5

Hello I'm new to using R to scrape data from the Internet and, sadly, know little about HTML and XML. Am trying to scrape each story link at the following parent page: http://www.who.int/csr/don/archive/year/2013/en/index.html. I don't care about any of the other links on the parent page, but need to create a table with a row for each story URL and columns for the corresponding URL, title of the story, date (it's always at the beginning of the first sentence following the story title), and then the rest of the text of the page (which can be several paragraphs of text).

I've tried to adapt the code at Scraping a wiki page for the "Periodic table" and all the links (and several related threads) but run into difficulties. Any advice or pointers would be gratefully appreciated.
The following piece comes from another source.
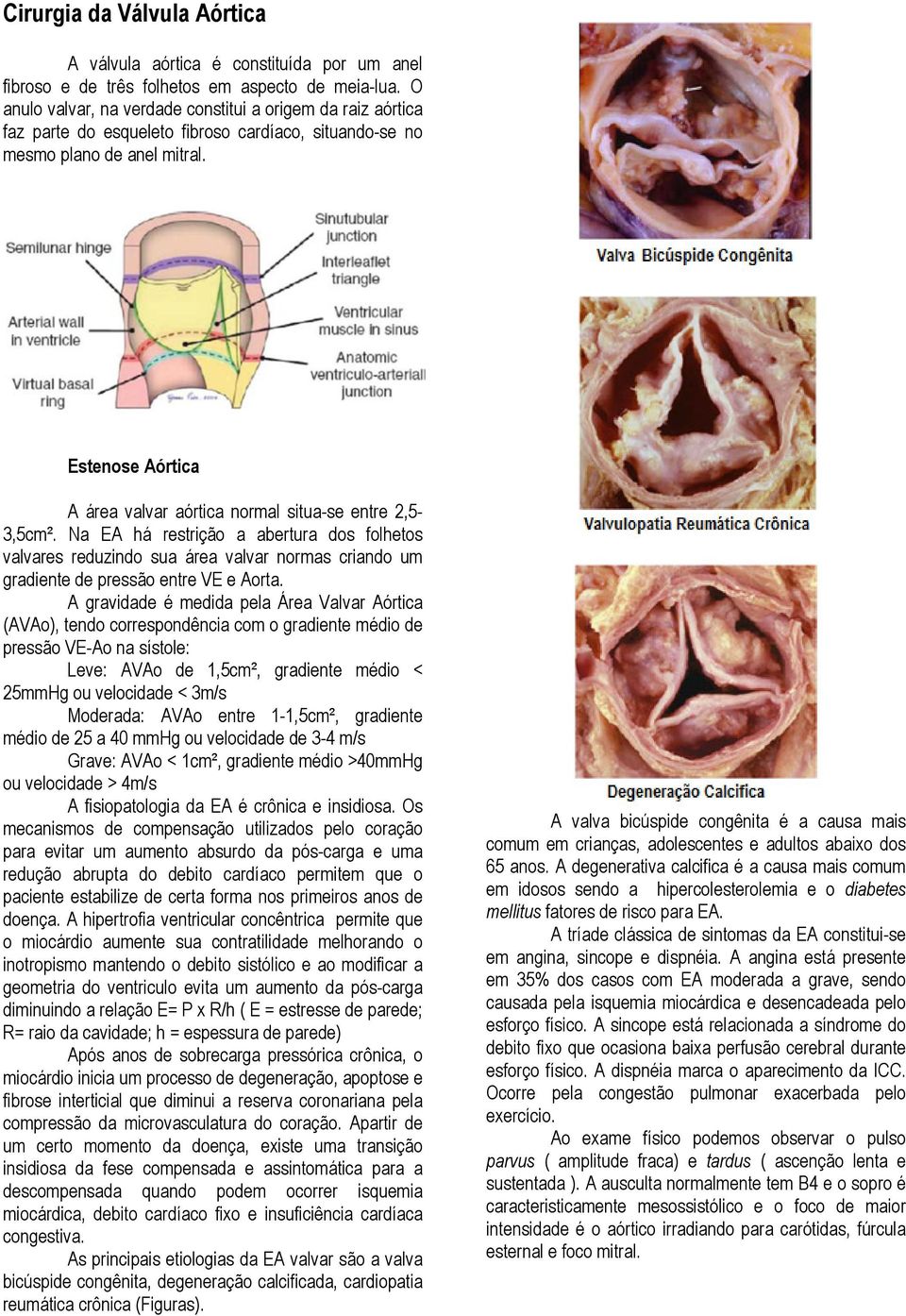 Estenose Aórtica A área valvar aórtica normal situa-se entre 2,5-3,5cm².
Here's what I've tried so far (with "?????" where I run into trouble):

rm(list=ls())
library(XML)
library(plyr) 

url = 'http://www.who.int/csr/don/archive/year/2013/en/index.html'
doc <- htmlParse(url)

links = getNodeSet(doc, ?????)

df = ldply(doc, function(x) {
  text = xmlValue(x)
  if (text=='') text=NULL

  symbol = xmlGetAttr(x, '?????')
  link = xmlGetAttr(x, 'href')
  if (!is.null(text) & !is.null(symbol) & !is.null(link))
    data.frame(symbol, text, link)
} )

df = head(df, ?????)
Community
  • 1
  • 1
user2535366
  • 117
  • 6

1 Answers1

7

You can xpathSApply, (lapply equivalent), that search in your document given an Xpath.

library(XML)
url = 'http://www.who.int/csr/don/archive/year/2013/en/index.html'
doc <- htmlParse(url)
data.frame(
  dates =  xpathSApply(doc, '//*[@class="auto_archive"]/li/a',xmlValue),
  hrefs = xpathSApply(doc, '//*[@class="auto_archive"]/li/a',xmlGetAttr,'href'),
  story = xpathSApply(doc, '//*[@class="link_info"]/text()',xmlValue))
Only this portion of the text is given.